Step 1) Figure out how long the length of your fence is (100 x 100 area is 400 feet).
Step 2) Decide how many strands of wire you will use and multiply length of fence by strands (400 ft x 4 strands = 1600 feet)
Step 3) Fence chargers are generally sized by the mile, so determine how many miles of fence (1600 feet of fence / 5280 feet per mile = roughly .3 miles of fence)
Step 4) Price out a fence charger that is rated for about 2 times or more than you need and enough fence to fence in your area. Regular wire has more bite to it and is least expensive. Tape is more visible but doesn't bite as hard as regular wire, it also breaks fairly easily.
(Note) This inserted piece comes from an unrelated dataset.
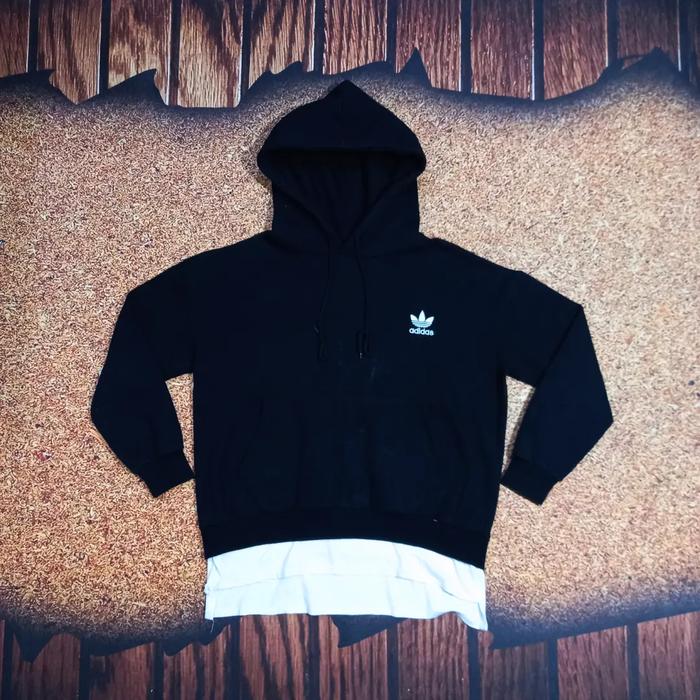 Hoodie ADIDAS THREE FOIL Hitam Bagus murah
Rope fencing is visible and stronger than the tape, but is more expensive.
 
Good stuff. We are getting a chain link fence installed 12 X 24, 6' high and buried a foot. Also covered with chain link for hawks. We plan on putting hardware cloth 2 or 3 feet high, and electric around the outside. 1 strand or 2? Could use some help on what I may have wrong.
 
In my mind, solar chargers work best with remote locations where you have no other power source nearby. In my setup, a solar charger would cost about 2X to 3X what my fencer did:

https://www.amazon.com/Parmak-Solar-Pak-Impedance-Operated-Electric/dp/B00099FAJI

The Parmac 12 I use sells for about $100, more or less. But I also then needed a 12 volt deep cycle battery (which I had) and a charger (which I had). If you have to buy those things, the two equal out.

I have to charge my battery, but as long as I keep the fence clear of any weeds, etc, a charge will last 2 or 3 months. A solar charger should keep it going all year long.
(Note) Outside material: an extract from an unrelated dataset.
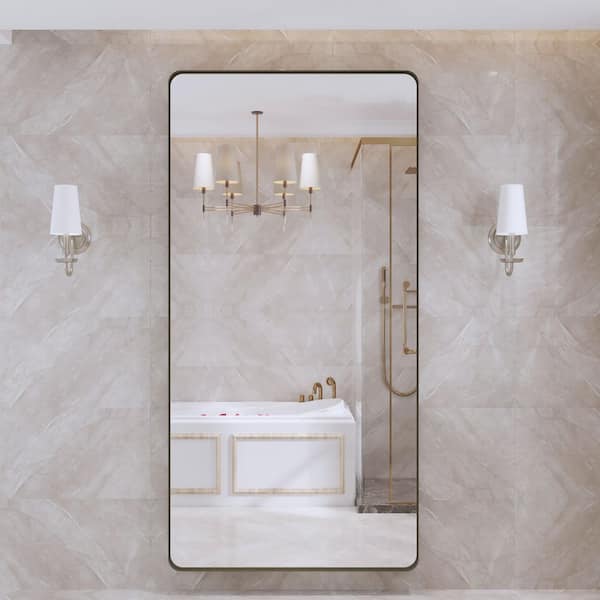 72 in. W x 36 in. H Large Rectangular Framed Wall Mounted Bathroom Vanity Mirror in Brushed Bronze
So unless you have the stuff already, it is 6 of one and half dozen of another. And better in my mind to buy the solar charger already setup than trying to assemble one from components on your own.

Also, DC chargers seem to suffer less from lightening strikes than AC powered ones. Damage coming mostly from the AC line itself, not from a strike on the fence.

And most DC units are protected from weather and can be installed outside. AC units mostly need to be installed indoors, out of the weather.
 
HV, your chain link won't discourage small diggers like rats. You can add a hardware cloth skirt around the area, in addition to the hardware cloth on the chainlink wall.
I'd use two strands or more of electric; it's cheap and easy to add strands of wire or rope once you have the charger. Mary
 
Good stuff. We are getting a chain link fence installed 12 X 24, 6' high and buried a foot. Also covered with chain link for hawks. We plan on putting hardware cloth 2 or 3 feet high, and electric around the outside. 1 strand or 2? Could use some help on what I may have wrong.

As you have described it, not sure what the electric wire is going to add? Sounds pretty tight and bomb proof as is. Unless you are in bear country, in which case nearly all poultry setups should have a hot wire perimeter.

BTW, to stop diggers, my preference runs 100% towards aprons laid flat on the ground vs. buried wire. More effective and far less effort. IMHO.
 
Mary brings up a good point. Some folks say their electric fences won't stop dogs, but then they go on to describe their fence and it is a fence built for horses or cattle. Fences where the lowest strand may be nearly 2 feet off the deck.....fences built to confine livestock, not to keep predators out. A fence where a dog, fox or coyote could pass under it without ever getting zapped. Electric fences for poultry need to be tight to the ground. A fence that a predator is going to have to negotiate (touch) in order to get past it. Very few try to jump it. Most will try to crawl under or through (see video before). Once zapped, few will risk it to jump it.....not knowing what awaits them if they leave their feet.
 
I love my Parmak:
TBXF19

I bought one 35 years ago and it is still in use. I also inherited one 10 years ago and I still use it. The batteries last about 3-4 years.
 
HV, your chain link won't discourage small diggers like rats. You can add a hardware cloth skirt around the area, in addition to the hardware cloth on the chainlink wall.
I'd use two strands or more of electric; it's cheap and easy to add strands of wire or rope once you have the charger. Mary
How high should the 2 strands of electric be ? I like the idea of hardware cloth. 2' should do it.